= Input =
- - - - -

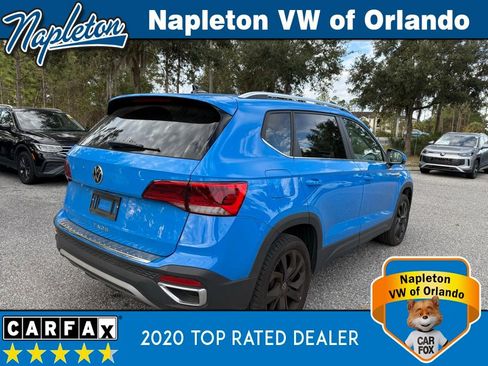 Used 2023 Volkswagen Taos SE w/ Black Wheel Package image 11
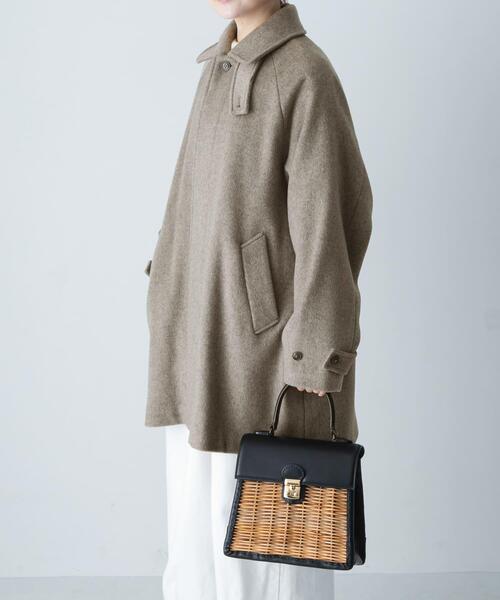 かぐれ（カグレ）の「ウールバックタックショートコート（ステンカラー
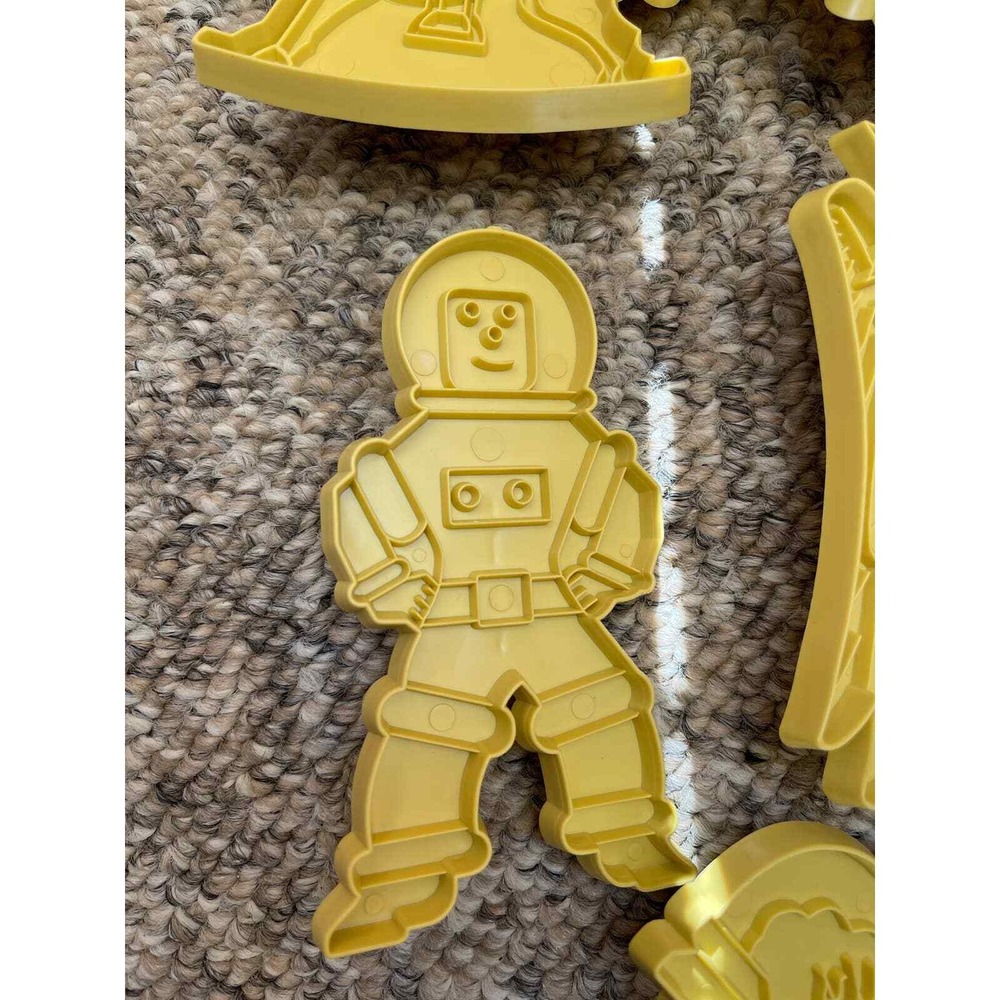 VINTAGE STANLEY HOME PRODUCTS‎ COOKIE CUTTER SET 7 XMAS SANTA ASTRONAUT DRUM - Picture 7 of 11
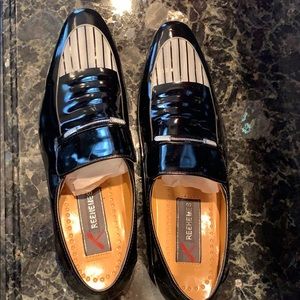 Men’s Glossy Dress Shoes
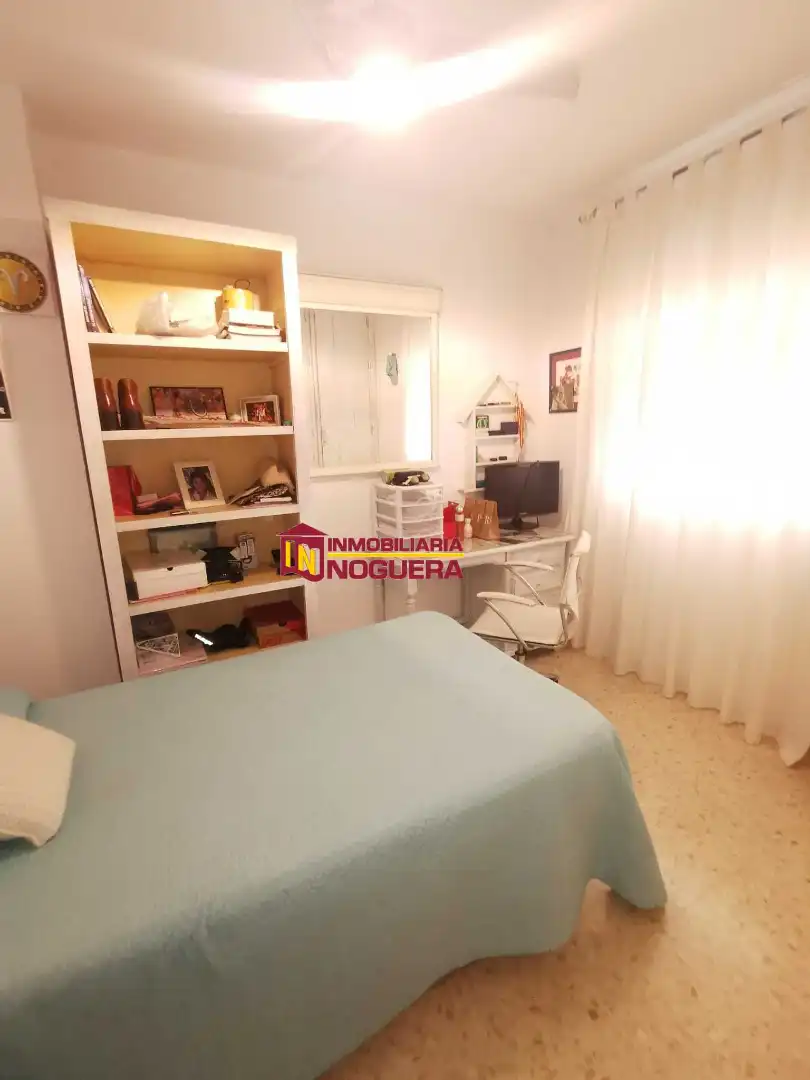 Habitación de Ático en venta en Écija con Terraza y Balcón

- - - - -

= Problem to work on =
Please reproduce, exactly and only, the lines from the line containing "VINTAGE STANLEY HOME" through the last line of the material above, minus any pictures.

= Solution =
 VINTAGE STANLEY HOME PRODUCTS‎ COOKIE CUTTER SET 7 XMAS SANTA ASTRONAUT DRUM - Picture 7 of 11
 Men’s Glossy Dress Shoes
 Habitación de Ático en venta en Écija con Terraza y Balcón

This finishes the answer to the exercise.